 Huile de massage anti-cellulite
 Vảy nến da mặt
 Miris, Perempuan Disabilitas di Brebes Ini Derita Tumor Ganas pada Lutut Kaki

▶ Exercise objective
Reproduce every line above without error.

▶ Answer to this task
 Huile de massage anti-cellulite
 Vảy nến da mặt
 Miris, Perempuan Disabilitas di Brebes Ini Derita Tumor Ganas pada Lutut Kaki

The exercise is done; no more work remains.